- ACTIVITY -
Copy, from the material below, each line where "коробка" shows up.

- EXERCISE INPUTS -
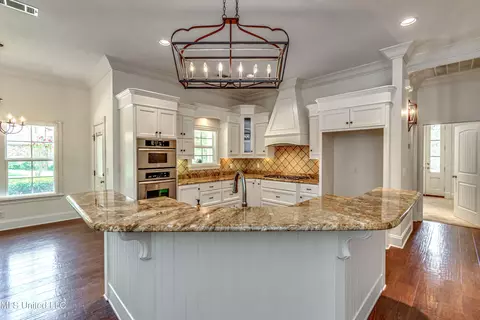 Kitchen - 166 Brookstone Way, Madison, MS 39110 photo 4 of 9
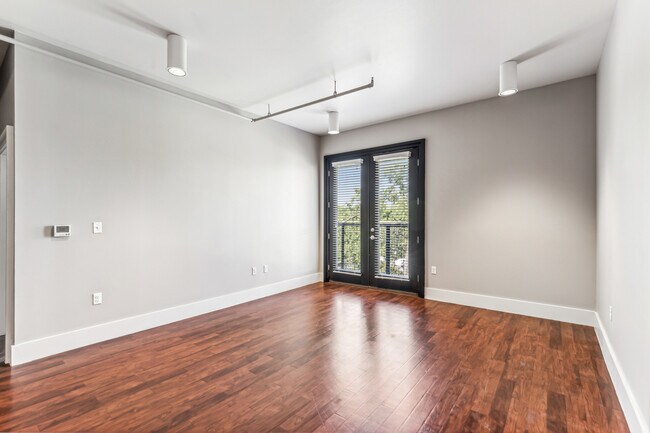 Photo - 1000 Lipscomb St Unit 308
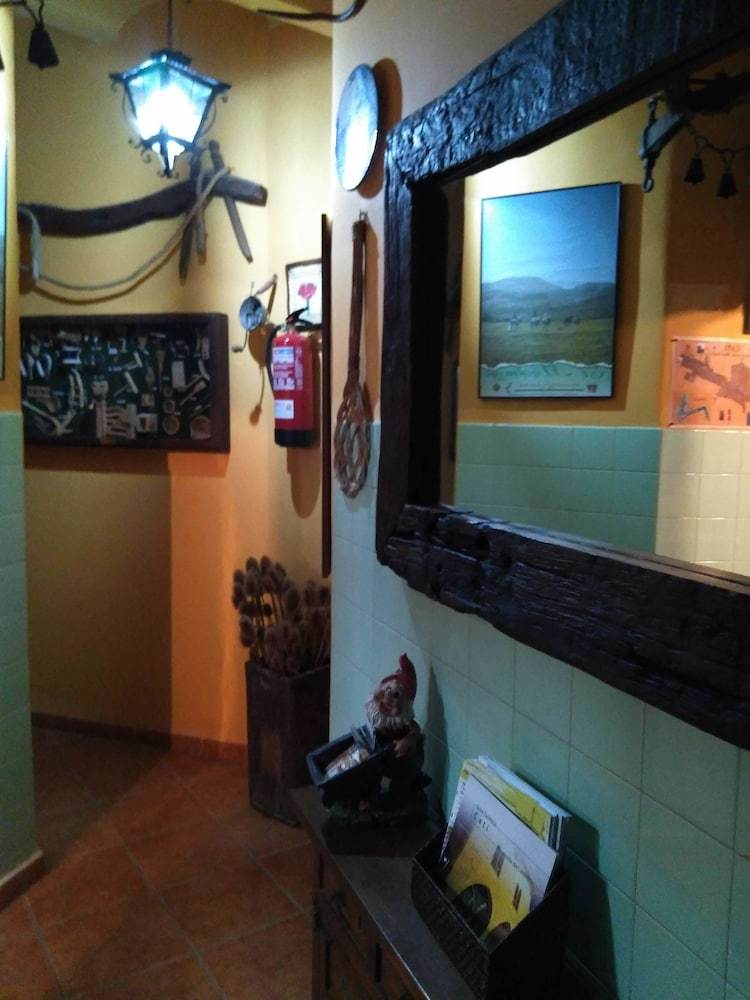 Agroturismo Casa Rural Angelita de Cat�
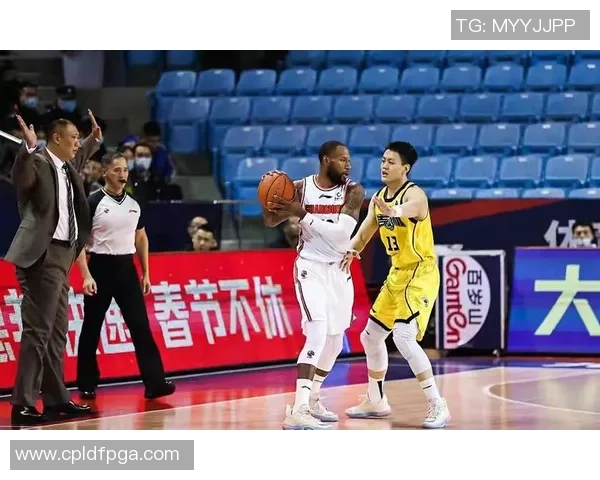 德黑兰独立队与柏斯队激战正酣精彩对决引发球迷热议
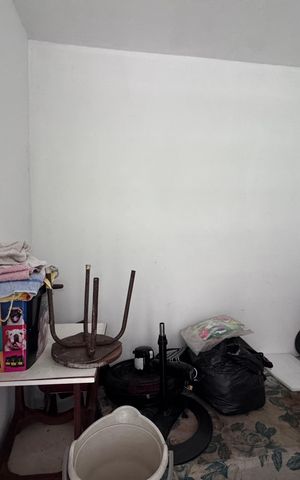 Casa à venda com 4200m², 5 quartos e 5 vagas Casa à venda com 4200m², 5 quartos e 5 vagasÁrea de Serviço - Quarto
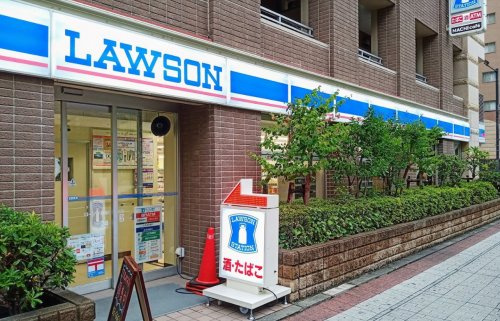 コンビニ　ローソン 馬喰町駅前店（コンビニ）まで298m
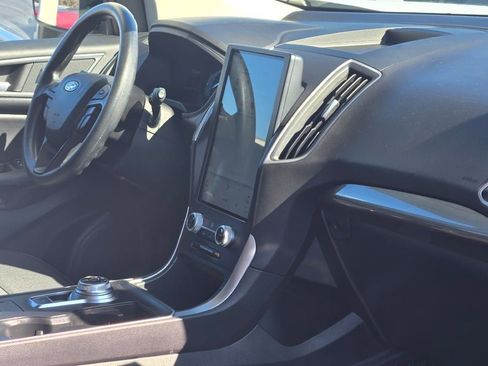 Certified 2024 Ford Edge SE w/ Black Appearance Package image 7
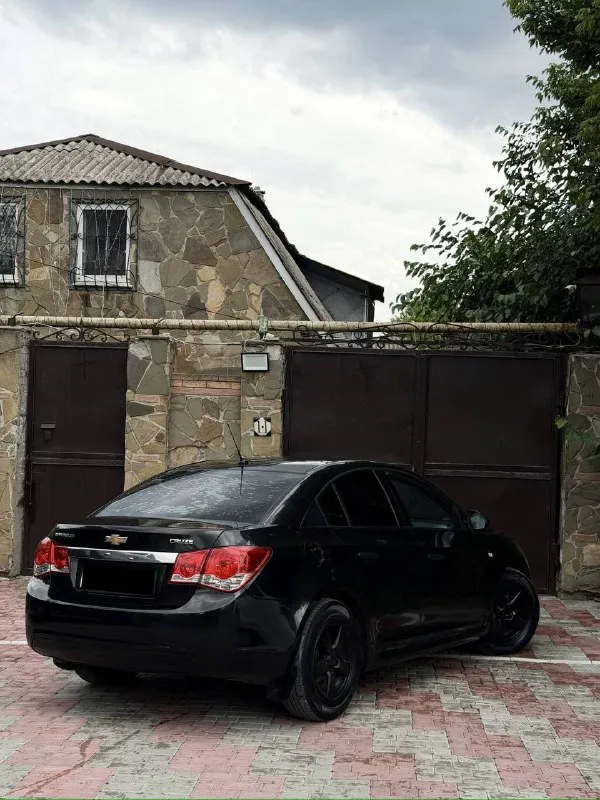 В продаже chevrolet cruze 2013 года
✅ Двигатель 1.6 бензин
✅ Автоматическая коробка передач
✅ Техника в полном порядке
✅ Комфортный и просторный салон
✅ Приятный внешний вид
Автомобиль обслужен и готов к эксплуатации. Двигатель работает ровно, коробка переключает плавно, ходовая без нареканий.
📍Осмотр: г. Донецк
🔄 Возможен обмен
💳 Возможна продажа в кредит
💰 Цена: 640 000 ₽
☎️ +7 949 374-95-82
📲 Tg: @dream_of_sherg
📞 Звоните: +7(949)3749582 - фотография - 2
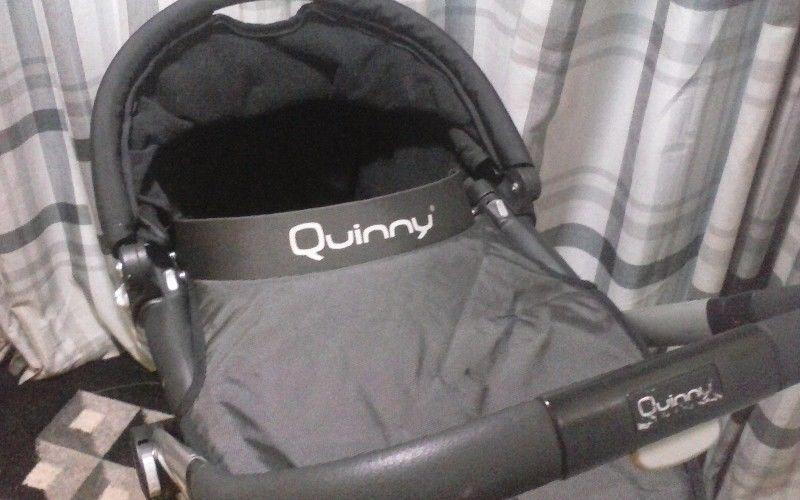 QUINNY BUZZ PRAM AND PUSHCHAIR
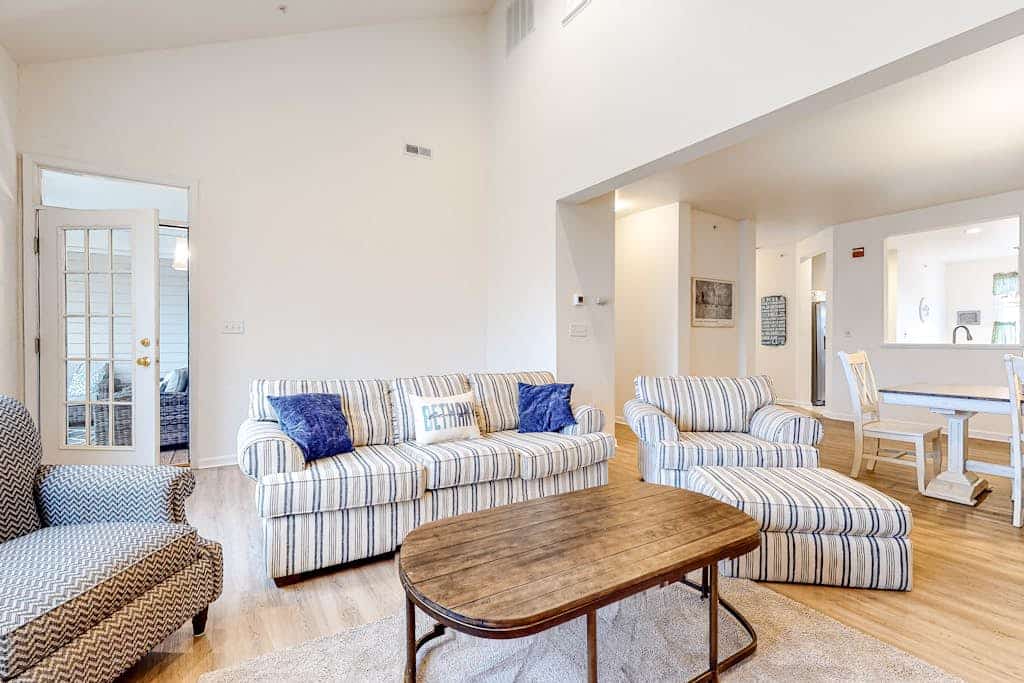 Bear Trap Dunes condo with access to tennis/pickleball, sauna, pool & fast WiFi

- WRITTEN RESPONSE -
✅ Автоматическая коробка передач
Автомобиль обслужен и готов к эксплуатации. Двигатель работает ровно, коробка переключает плавно, ходовая без нареканий.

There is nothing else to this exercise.